--- START ---

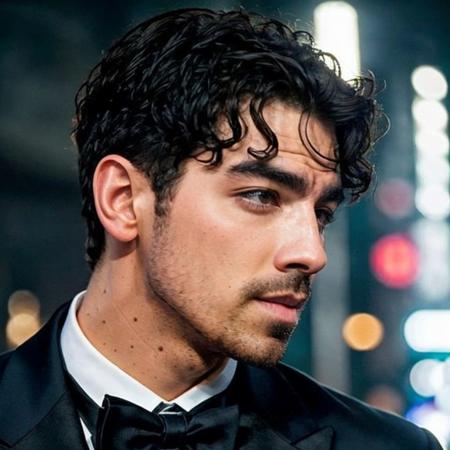 DSLR photo of joejonas person using a tuxedo.face side portrait.in blade runner.daylight.professional photography.high resolution.detailed photo.RAW.still film.f/16.uhd.hdr.4k <lora:joejonas_48600:1>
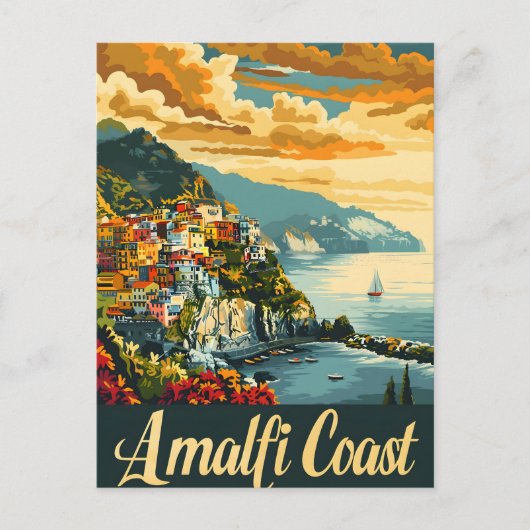Amalfi Coast zonsondergang Briefkaart (Voorkant)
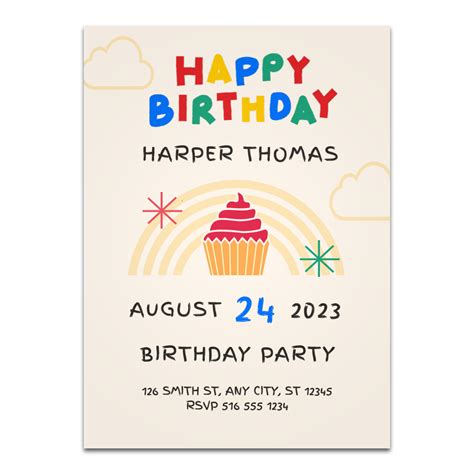 Kids' Birthday Invitation - Vertical | MoreWithPrint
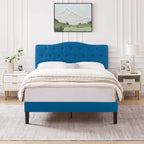 Modern Tufted Upholstered Bed Frame with Height- Adjustable Headboard,Dark Blue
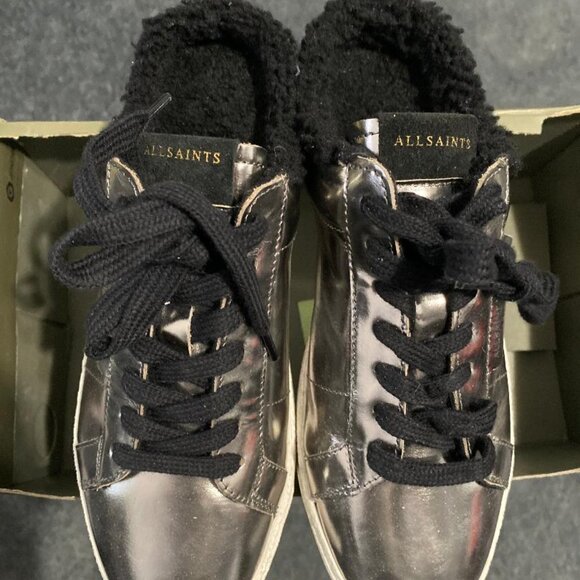 ALLSAINTS Women's Sheer Metallic Sneaker Mules missing lid - Picture 7 of 9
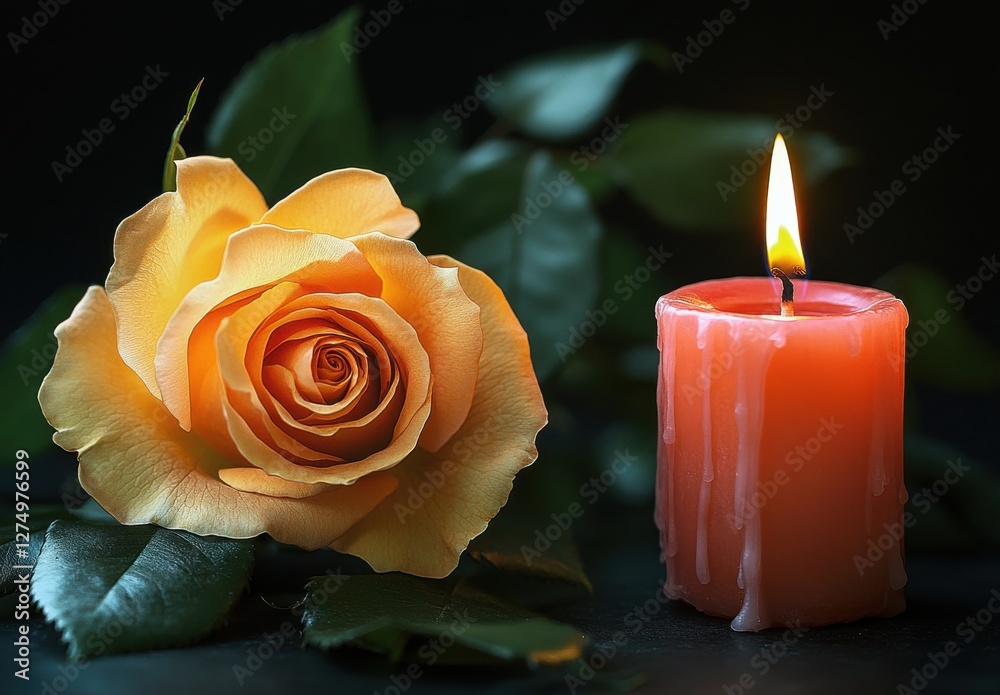 Fototapeta premium Beautiful orange rose beside a glowing candle on dark background, symbolizing love, warmth, and tranquility in a serene and romantic ambiance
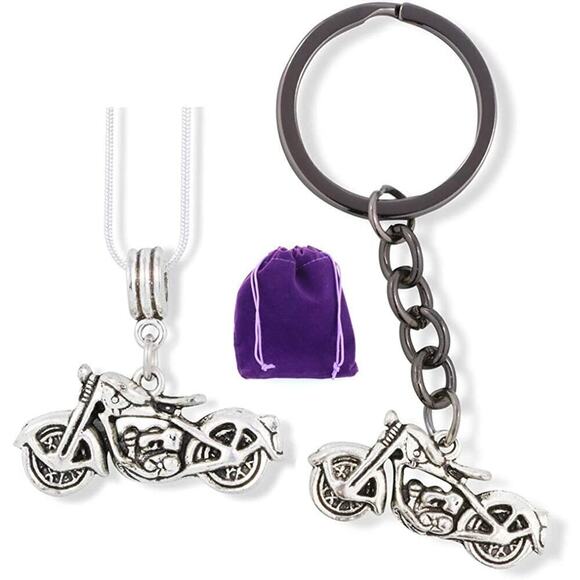 Motorcycle Necklace Bundled with a Motorcycle Charm Keychain - Picture 1 of 7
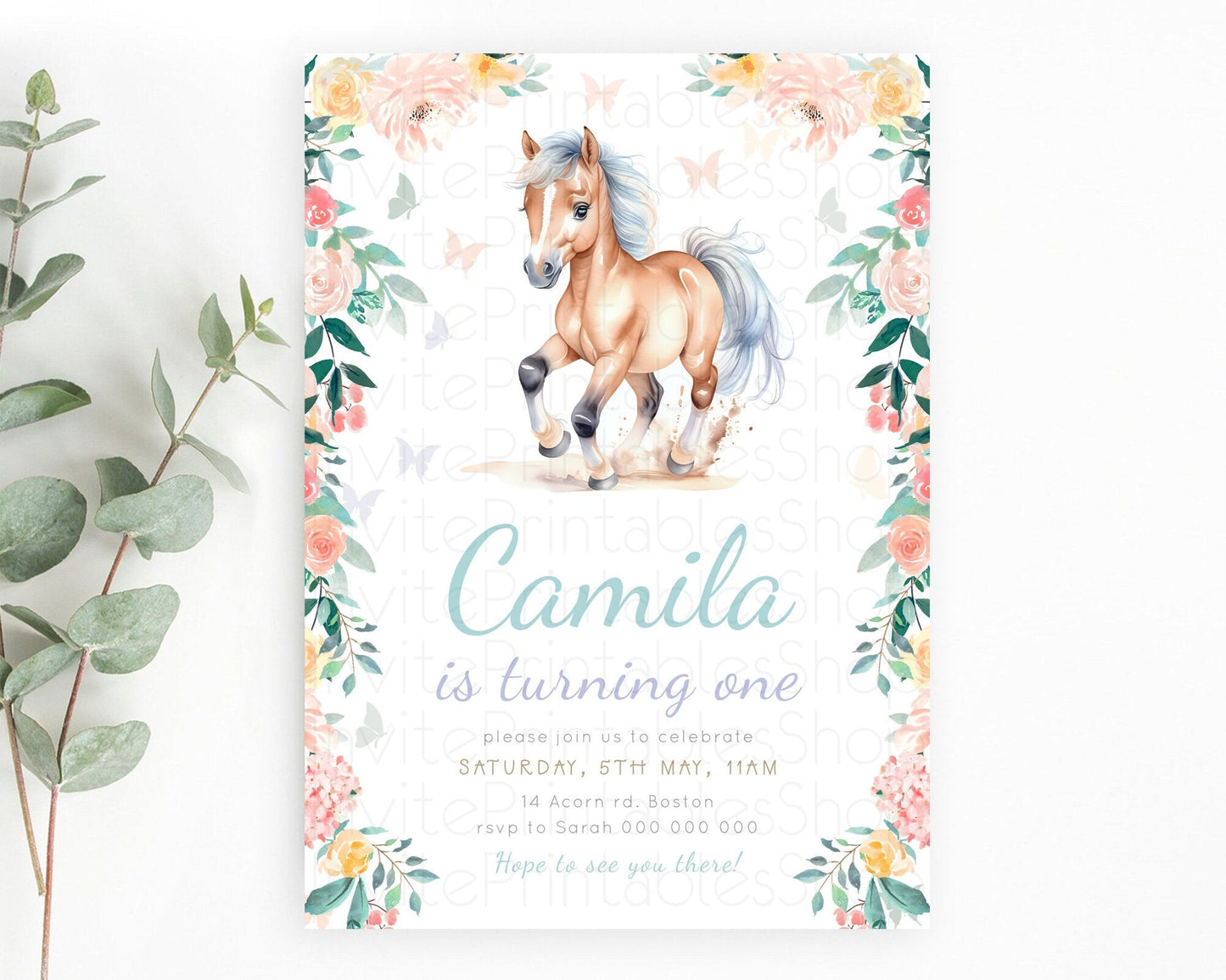 Editable Horse Birthday Invitation Girl Saddle Up Watercolor Cowgirl Party Horse Invite Pink Floral Download Printable Template d23385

--- END ---

WORK INSTRUCTION → Where a record holds a picture, leave the picture out and restate the rest word for word.

ANSWER BELOW →
 DSLR photo of joejonas person using a tuxedo.face side portrait.in blade runner.daylight.professional photography.high resolution.detailed photo.RAW.still film.f/16.uhd.hdr.4k <lora:joejonas_48600:1>
Amalfi Coast zonsondergang Briefkaart (Voorkant)
 Kids' Birthday Invitation - Vertical | MoreWithPrint
 Modern Tufted Upholstered Bed Frame with Height- Adjustable Headboard,Dark Blue
 ALLSAINTS Women's Sheer Metallic Sneaker Mules missing lid - Picture 7 of 9
 Fototapeta premium Beautiful orange rose beside a glowing candle on dark background, symbolizing love, warmth, and tranquility in a serene and romantic ambiance
 Motorcycle Necklace Bundled with a Motorcycle Charm Keychain - Picture 1 of 7
 Editable Horse Birthday Invitation Girl Saddle Up Watercolor Cowgirl Party Horse Invite Pink Floral Download Printable Template d23385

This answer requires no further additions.